Explanation of Internet Domain Names

  • A domain name is not just a URL.
  • An internet domain is space (or potential space) on the internet.
  • Registering a domain name is not a way of obtaining Web hosting services or an alias URL for an existing website.
  • Each domain has a unique numeric Internet Protocol (IP) address. For example, the ncsu.edu domain has the IP addresses 152.1.x.y, 152.7.x.y and 152.14.x.y.
  • Each server and service within the ncsu.edu domain must be associated with one of these IP address ranges in order to be identified and found among the millions of other internet domains.
  • Domain names like yahoo.com are easier to remember than numeric IP addresses, but each fully qualified domain name (e.g., www.ncsu.edu) corresponds to a specific IP address.
  • Domain names must be unique and officially registered so that the Internet Domain Name System (DNS) can match the name with the IP address.

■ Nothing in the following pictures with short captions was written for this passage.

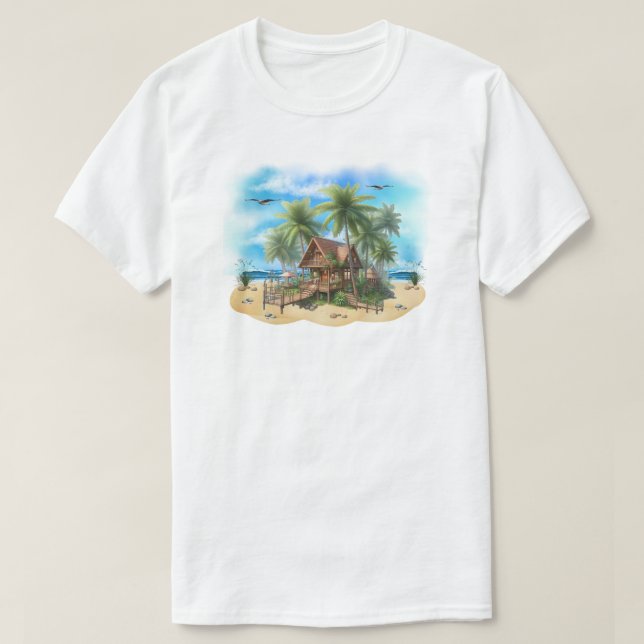 Beach House T - Shirts (Design vorne)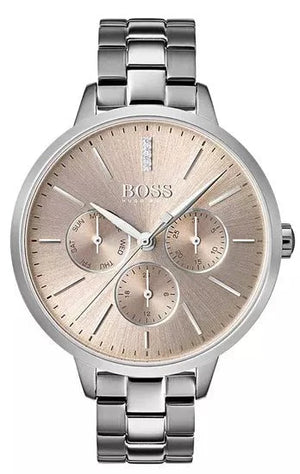 Hugo Boss Womens 1502421 Symphony Rose Gold Tone Stainless Steel Watch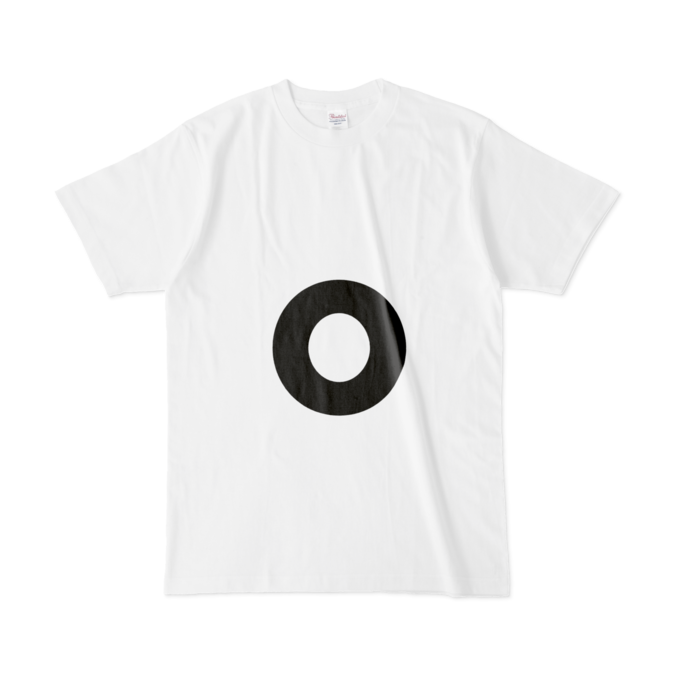 「o」（小文字）Tシャツ - L - 白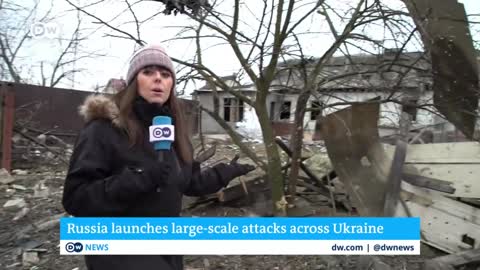 Russia launches large-scale missile attack on Ukraine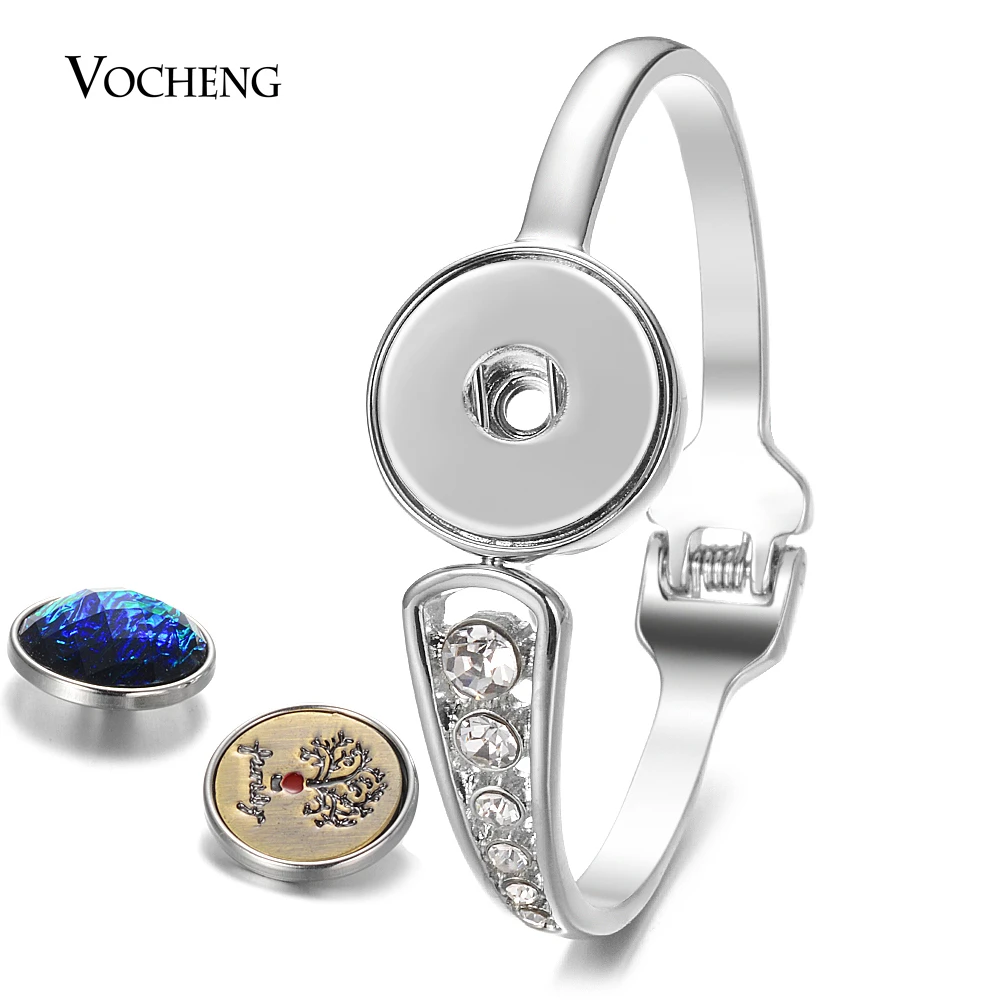 Vocheng Ginger Snap Bracelet Snap Jewelry Bangles with Rhinestone Exchange DIY Jewelry fit 18mm Snap Buttons NN-742
Vocheng Ginger Snap Bracelet Snap Jewelry Bangles with Rhinestone Exchange DIY Jewelry fit 18mm Snap Buttons NN-742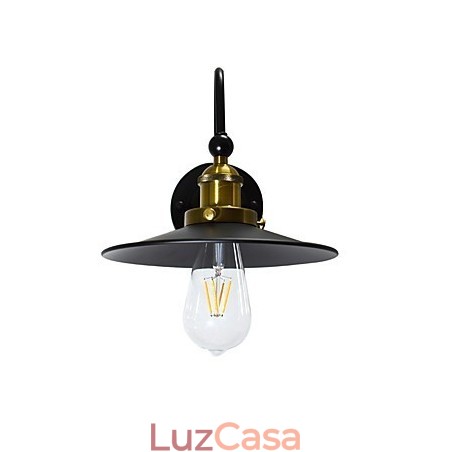 Luminária de parede Arandelas de parede Luminária de parede de ferro Lâmpada de parede sabre de luz preta muda na parede Luminária de parede Arandelas de parede Luminária de parede de ferro Lâmpada de parede sabre de luz preta muda na parede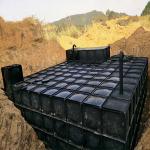 Stainless Steel Inside Underground Water Cistern , Hot Galvanized Outside Square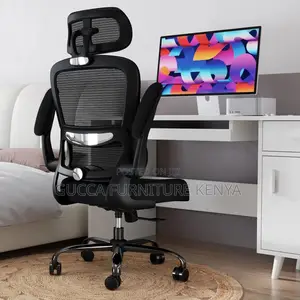 Orthopedic Swivel Conference Chair With Flip Arms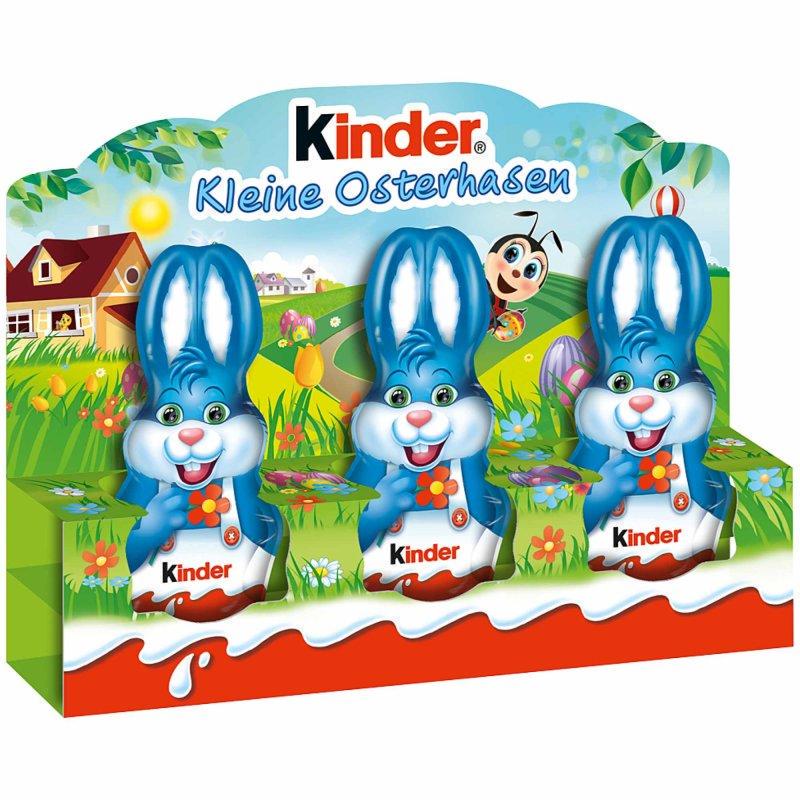 Подарунковий набір шоколадних цукерок Ferrero Kinder Schokolade Kleine Osterhasen 3 шт. х 15 г (2533005182)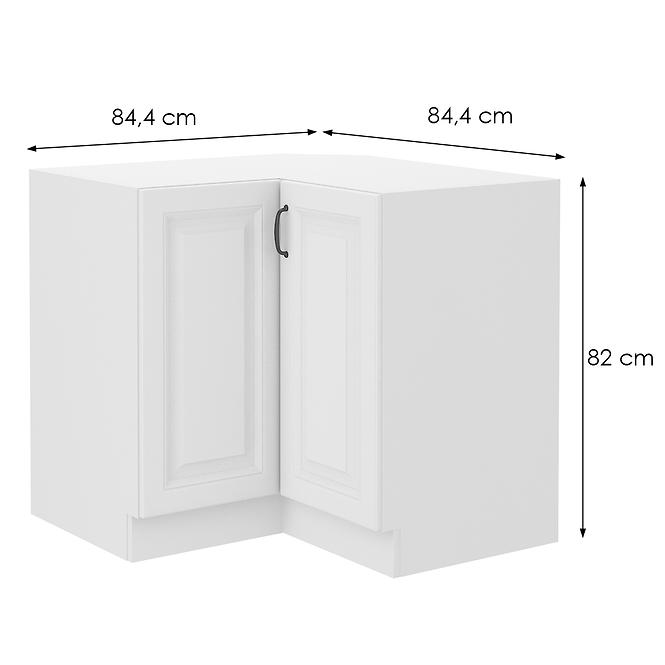 Küchenzeile Stilo WEISS/WEISS 90x90 Nd 2f Bb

That address must be physically assigned to server software running on at least one computer in order for there to be an actual internet presence.
  • Some companies who register internet domain names also offer web hosting, email or ftp services.

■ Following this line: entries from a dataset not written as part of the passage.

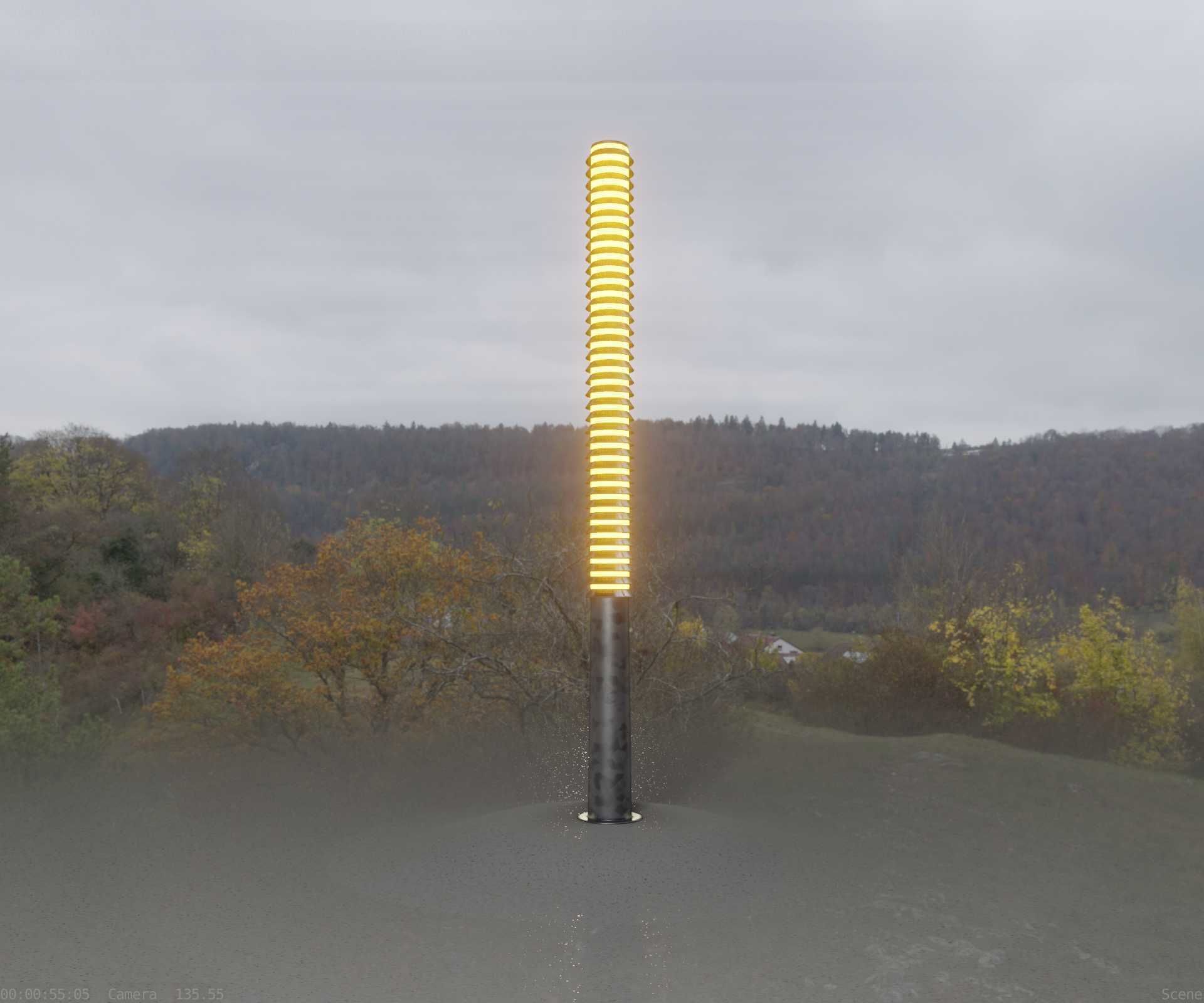 Galvanized Light-Column -14- Street-Light 9 Low-poly 3D model_39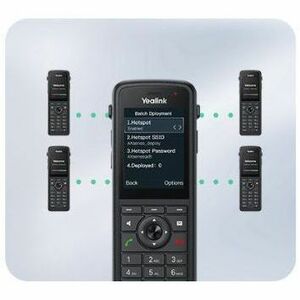 AX86R Ruggedized WiFi Phone. 2.4in 240x320 TFT color screen. IP67-rated waterproof and dust-proof drop-proof up to 1.8 met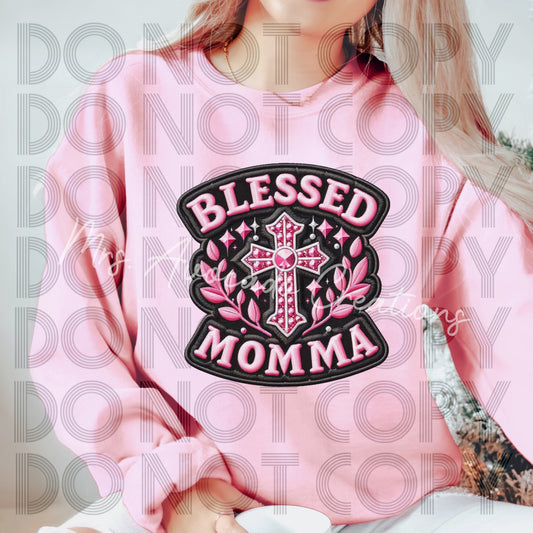 Blessed Momma pink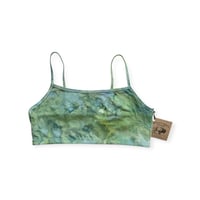 Image 1 of L/XL (40) Bralette in Verdant Watercolor Ice Dye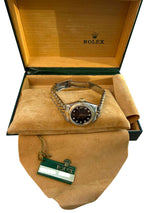 Rolex Lady-Datejust 26mm Yellow Gold Steel Diamond Black Dial Watch 69173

  • Registering a domain name and being given an IP address gives you the right to create your own space on the internet.
    However, it does not create the space or provide you any other internet services.
  • If you already have a working website, then it already exists within an internet domain.
  • At NC State, every network host (i.e., network-connected computer) must be registered in the ncsu.edu domain unless exception is granted by the Associate Vice Chancellor for Finance and Information Systems or the Vice Provost for Information Technology. See Administrative Regulations — Computer Use, Section III, L.